First Saturday of the month, and so it’s Six Degrees of Separation day. To find out how it works, please check out Booksaremyfavouriteandbest where Kate hosts this meme. Basically, Kate chooses a starting book, then you think of other books that lead off from it. This month, it was not a starting ‘book’ but instead a short story: ‘The Lottery’ by Shirley Jackson. As usual, I haven’t read it, so I’m riffing off the idea of a lottery.

A rather attractive montage of book covers don’t you think?

Well, life is a bit of a lottery I suppose, full of ‘what ifs’ and sliding door moments. Francis Spufford’s Light Perpetual takes the historical fact of fifteen children who died when a Woolworths store was bombed in a V-2 attack in London during November 1944. But instead of killing them off in the opening pages, he fictionalizes five of these children and lets them live- in fact, they weren’t even in the store- then follows them throughout their very ordinary lives. It’s a bit like the Seven-Up series but instead of dealing with real people, it’s all imagination. (My review here).

Well they didn’t really die in that book, but in Kate Atkinson’s Life after Life, Ursula dies multiple times, each death marked by the appearance of snow before darkness falls. She is strangled by her umbilical cord at birth: or she is not. She catches Spanish influenza: or she does not. She is beaten to death by a brutal husband: or she is not. She is killed in an air-raid attack during the Blitz: or she is not. All a bit of a lottery, really. (My review here)

Elizabeth Marsh, an otherwise completely anonymous but real-life woman, had just the one life but lived it as part of a family that lived in the Caribbean, the Americans, Britain, France, Spain Italy, Brussels, Hamburg, Menorca and Madiera, India, New South Wales, Marrakech, Tunis, Cairo, Sierra Leone and the west coast of Africa. The Ordeal of Elizabeth Marsh, written by noted historian Linda Colley, is history in its own right, with much to say about mobility, networks, sea-consciousness and the British navy, trade and the intersection of the domestic and intimate with the commercial. (My review here)

But then we have the photographer Amory Clay in William Boyd’s Sweet Caress who is completely imaginary. I must confess that the first thing I did after finishing this book was to jump onto Google to see if there ever was a female photographer called Amory Clay. That’s how convincing this book was, with its mixture of real characters and events. I couldn’t tell whether I had just read a fictionalized biography or whether the whole thing was Boyd’s creation. (My review here)

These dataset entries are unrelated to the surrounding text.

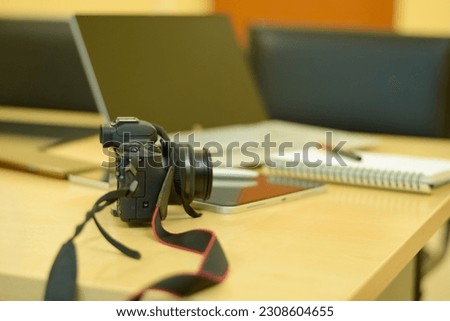 Electronics items on a table along with a notebook, camera, lens, mobile and pen. Picture contains a tablet, a laptop with touch pencil, writing notebook with a white pencil.
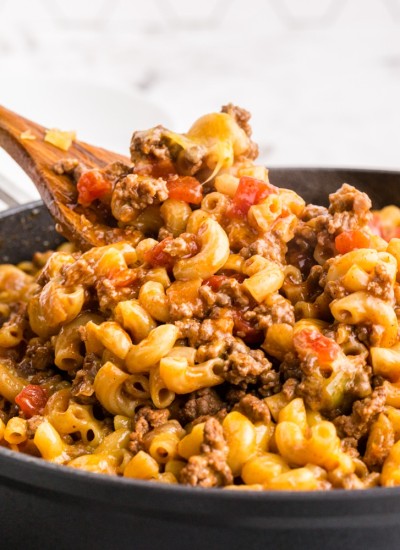 Chili Mac in saute pan with wooden spatula taking a scoop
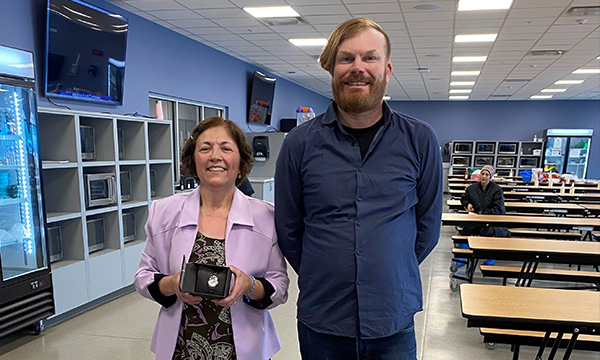Maria receives her retirement watch from her union rep Jeff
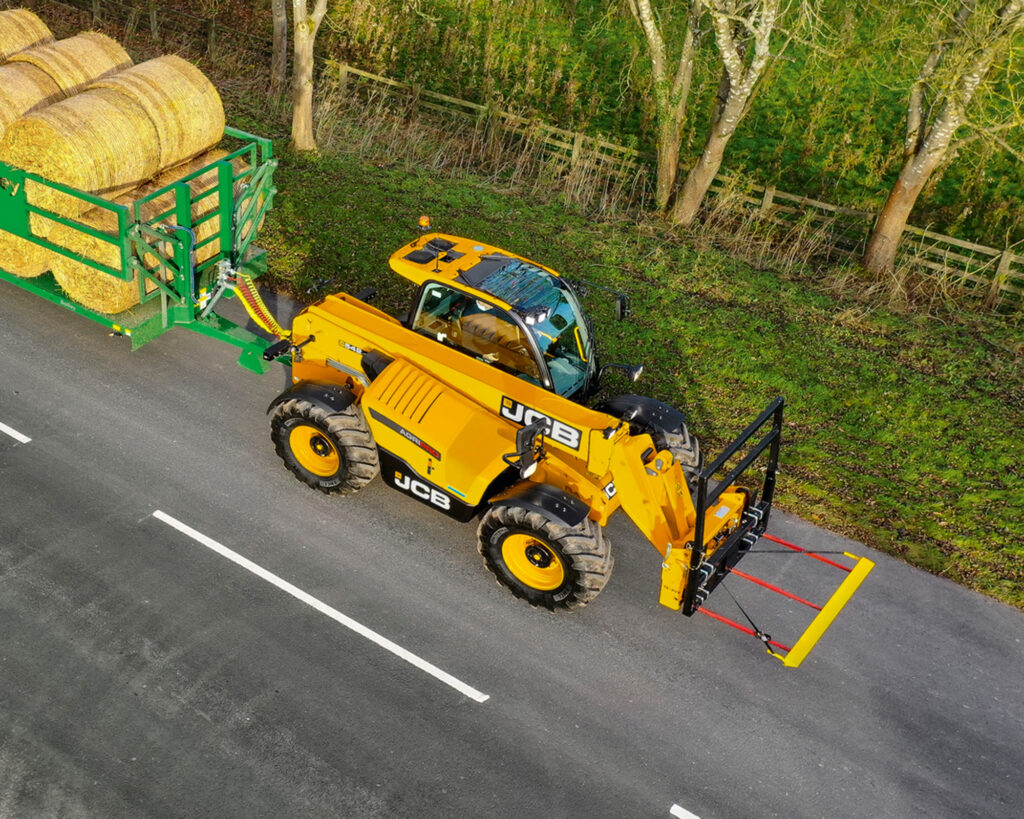 JCB 542-70 Agrisuper -kurottaja tulossa pellolta heinäpaalien kanssa.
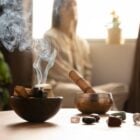 Foto de mesa com cristais e incenso e mulher de pele clara sentada meditando ao fundo desfocado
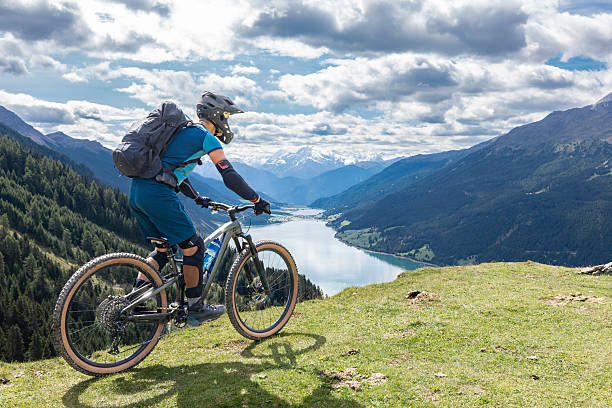istock Mountain biker overlooking Lake Reschen. 2251568826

So how about someone who is real and imaginary? Step forward, Elizabeth Cook, wife of explorer James Cook in Marele Day’s Mrs Cook: The Real and Imagined Life of the Captain’s Wife. The book is organized around a fairly large collection of existing Cook artefacts which, from the the notes at the back of the book, are located in various museums, libraries, churches and parks across the world. Some of them are documentary, but several of them are domestic objects like drinking glasses, teapots, fans. She uses these real-life objects as the tethering posts to which she attaches her fictional narrative, complete with conversation and internal speech. The narrative unfolds chronologically, with each chapter named for the object which appears somewhere in that chapter. (My review, not completely laudatory, here)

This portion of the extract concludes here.